You see, for a while, he was the biggest man in the country. He never got to be President, but he was the biggest man. There were thousands that trusted in him right next to God Almighty and they told stories about him that were like the stories of patriarchs and such. They said when he stood up to speak, stars and stripes came right out in the sky, and once he spoke against a river and made it sink into the ground. They said when he walked the woods with his fishing rod, Killall, the trout would jump out of the streams right into his pockets, for they knew it was use putting up a fight against him; and, when he argued a case, he could turn on the harps of the blessed and the shaking of the earth underground. That was the kind of man he was, and his big farm up at Marshfield was suitable to him. The chickens he raised were all white meat down through the drumsticks, and the cows were tended like children, and the big ram he called Goliath had horns with a curl like a morning-glory vine and could butt through an iron door. But Dan’l wasn’t one of your gentlemen farmers; he knew all the way of the land, and he’d be up by candlelight to see that the chores got done. A man with a mouth like a mastiff, a brow like a mountain and eyes like burning anthracite—that was Dan’l Webster in his prime. And the biggest case he argued never got written down in the books, for he argued it against the devil, nip and tuck and no holds barred. And this is the way I used to hear it told.

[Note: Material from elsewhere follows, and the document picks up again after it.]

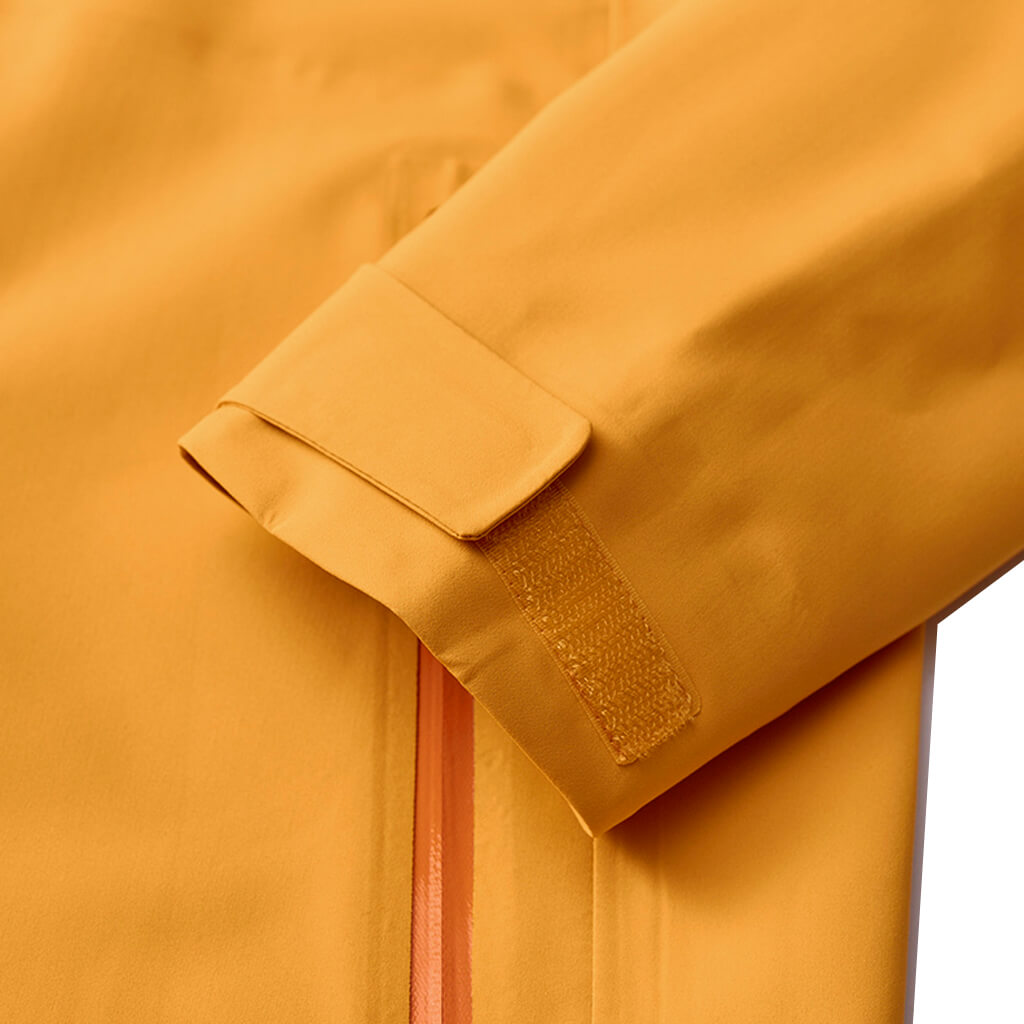 Wearly-orange-jacka-detaljbild-arm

There was a man named Jabez Stone, lived at Cross Corners, New Hampshire. He wasn’t a bad man to start with, but he was an unlucky man. If he planted corn, he got borers; if he planted potatoes, he got blight. He had good enough land, but it didn’t prosper him; he had a decent wife and children, but the more children he had, the les there was to feed them. If stones cropped up in his neighbor’s field, boulders boiled up in his; if he had a horse with spavins, he’d trade it for one with the staggers and give something extra. There’s some folks bound to be like that, apparently. But one day Jabez Stone got sick of the whole business.
He’d been plowing that morning and he’d just broke the plowshare on a rock that he could have sworn hadn’t been there yesterday. And, as he stood looking at the plowshare, the off horse began to cough—that ropy kid of cough that means sickness and horse doctors. There were two children down with the measles, his wife was ailing, and he had a whitlow on his thumb. It was about the last straw for Jabez Stone. “I vow,” he said, and he looked around him kind of desperate—”I vow it’s enough to make a man want to sell his soul to the devil! And I would, too, for two cents!”
Then he felt a kind of queerness come over him at having said what he’d said; though, naturally, being a New Hampshireman, he wouldn’t take it back. But, all the same, when it got to be evening and, as far as he could see, no notice had been taken, he felt relieved in his mind, for he was a religious man. But notice is always taken, sooner or later, just like the Good Book says. And, sure enough, next day, about suppertime, a soft-spoken, dark-dressed stranger drove up in a handsome buggy and asked for Jabez Stone.